1. The Court's focus in Cooper on the expectations of the parties when the policy was written has no application to the present issue since the parties in this matter knew that the pilot's total flight hours directly related to the risks against which Aviation Charters was insured. (pp. 5-6)

2. Under the facts of this case, requiring a causal connection between the accident and the unambiguous exclusionary clause would constitute an unbargained-for expansion of coverage resulting in the insurer's exposure to a risk substantially broader than that expressly insured against in the policy. (p. 6)
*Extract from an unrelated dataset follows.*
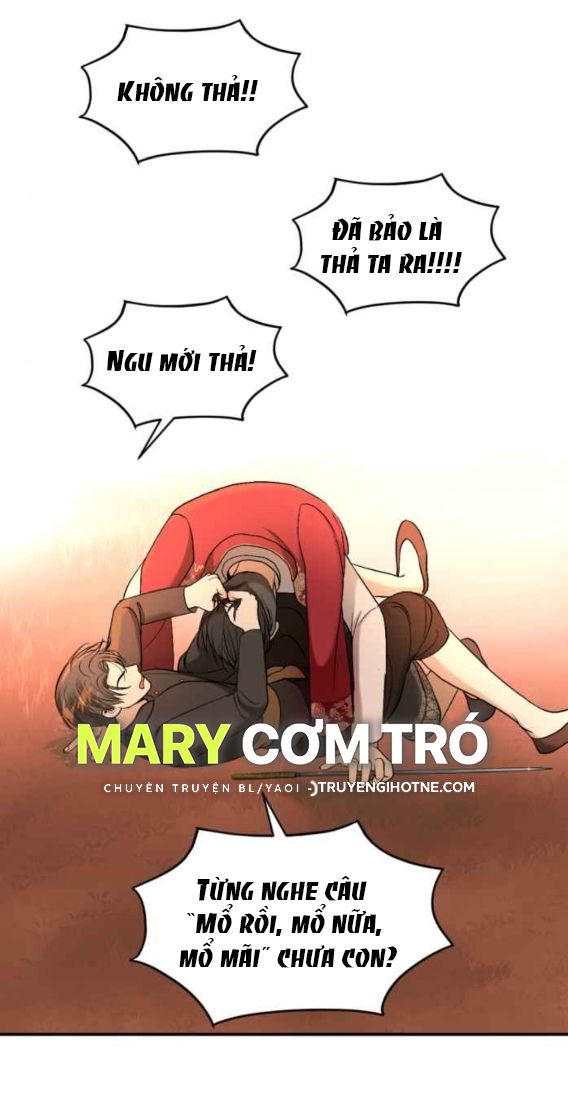 Tôi Là Công Tử Đẹp Trai Nhất Xứ Xiêm Chapter 45.2 - 7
3. The unambiguous exclusionary clause and the Approved Pilot Endorsement involved in this appeal define the coverage provided. (p. 7)
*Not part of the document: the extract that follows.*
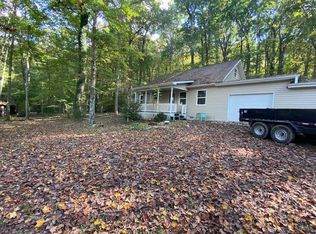 814 Coweeta Lab Rd, Otto, NC 28763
4. The Court does not decide whether on other facts, a lack of causality in the face of a clear and unambiguous exclusionary provision would result in coverage. Although the cause of the accident in this case had nothing to do with the pilot's logged flight time, the pilot's experience was highly significant to the risk undertaken by the insurer. It cannot be said that the policy is a contract of adhesion especially because the higher risk coverage was available at a higher price. (pp. 7-8)

Judgment of the Appellate Division as MODIFIED, is AFFIRMED.

CHIEF JUSTICE PORITZ and JUSTICES STEIN, LONG, VERNIERO, LaVECCHIA, and ZAZZALI join in JUSTICE COLEMAN's opinion.


 
 

SUPREME COURT OF NEW JERSEY
A- 91 September Term 2000

AVIATION CHARTERS, INC.,

Plaintiff-Appellant,

v.

AVEMCO INSURANCE COMPANY,

Defendant-Respondent.

Argued October 10, 2001 -- Decided November 20, 2001

On appeal from the Superior Court, Appellate Division, whose opinion is reported at 335 N.J. Super. 591 (2000).

George T. Dougherty argued the cause for appellant (Katz & Dougherty, attorneys).

John E. Salmon argued the cause for respondent (Rawle & Henderson, attorneys; Mr. Salmon and Joseph A. Ricchezza, on the brief).


The opinion of the Court was delivered by
COLEMAN, J.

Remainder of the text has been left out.